== Exercise aim ==
Given the material below, return only the lines starting at the line with "818 Fontana Avenue, Richardson, TX 75080 818" and ending at the line with "Honda Fit — фото 8", exactly as they appear.

== Data for this exercise ==
++++++++

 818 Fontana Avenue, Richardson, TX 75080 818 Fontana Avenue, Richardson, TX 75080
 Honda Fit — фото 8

++++++++

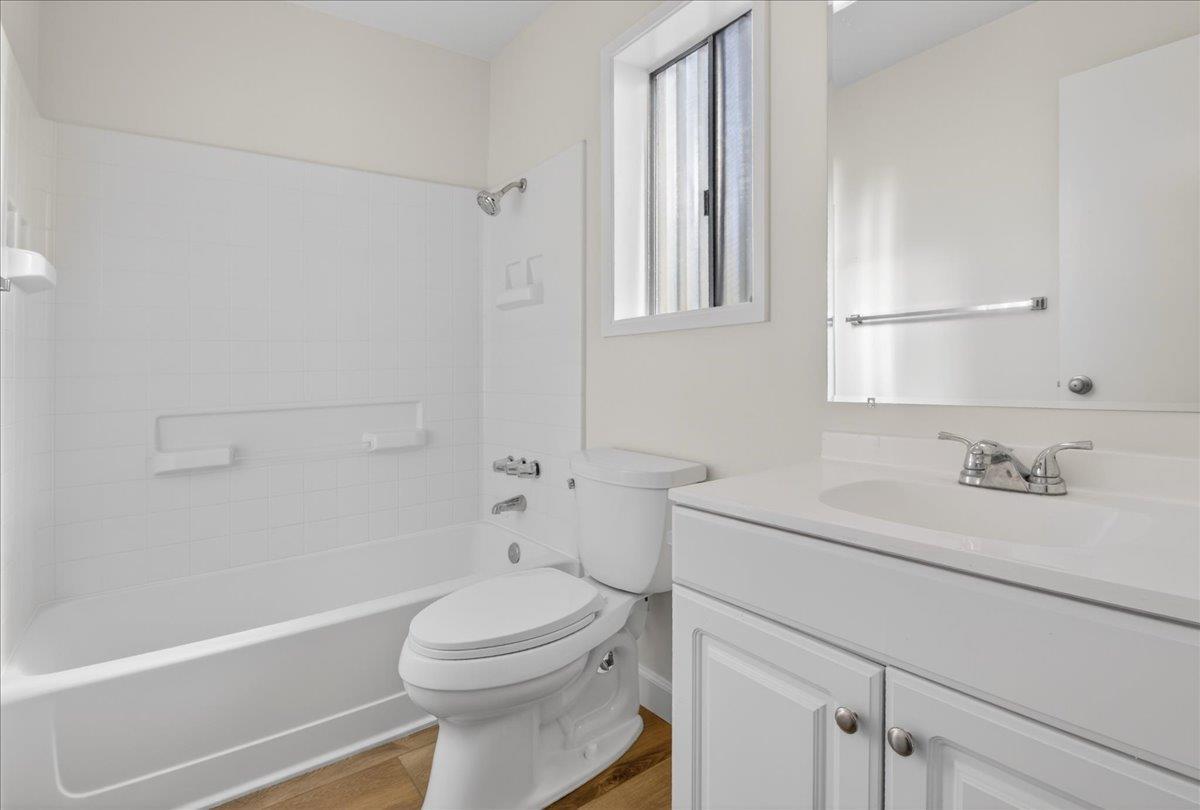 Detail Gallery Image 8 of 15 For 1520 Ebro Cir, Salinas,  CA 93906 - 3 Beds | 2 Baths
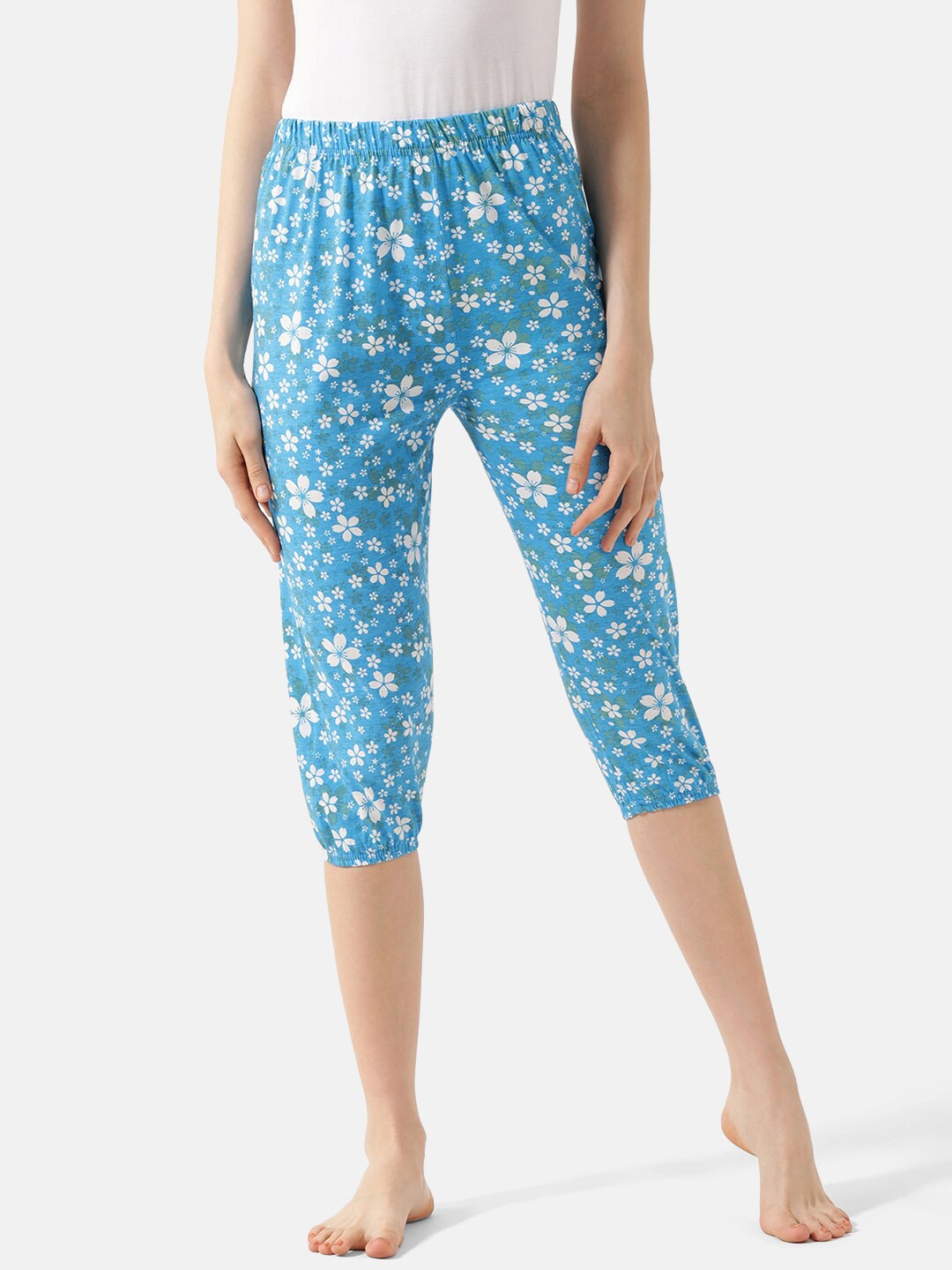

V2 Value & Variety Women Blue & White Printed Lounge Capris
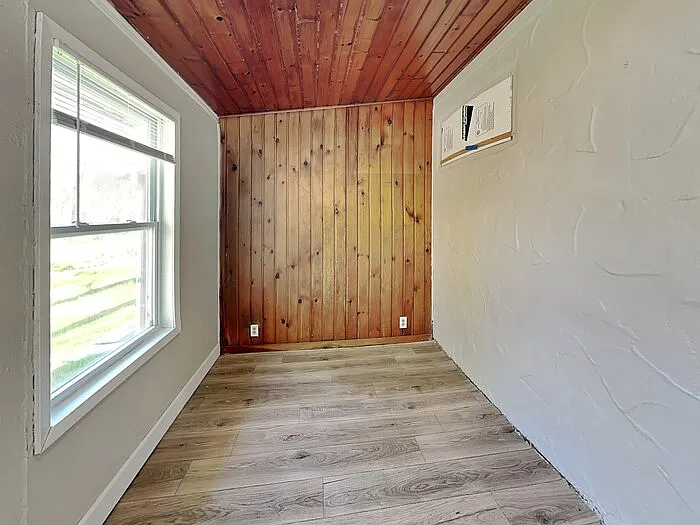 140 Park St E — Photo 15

++++++++

== Problem solution ==
 818 Fontana Avenue, Richardson, TX 75080 818 Fontana Avenue, Richardson, TX 75080
 Honda Fit — фото 8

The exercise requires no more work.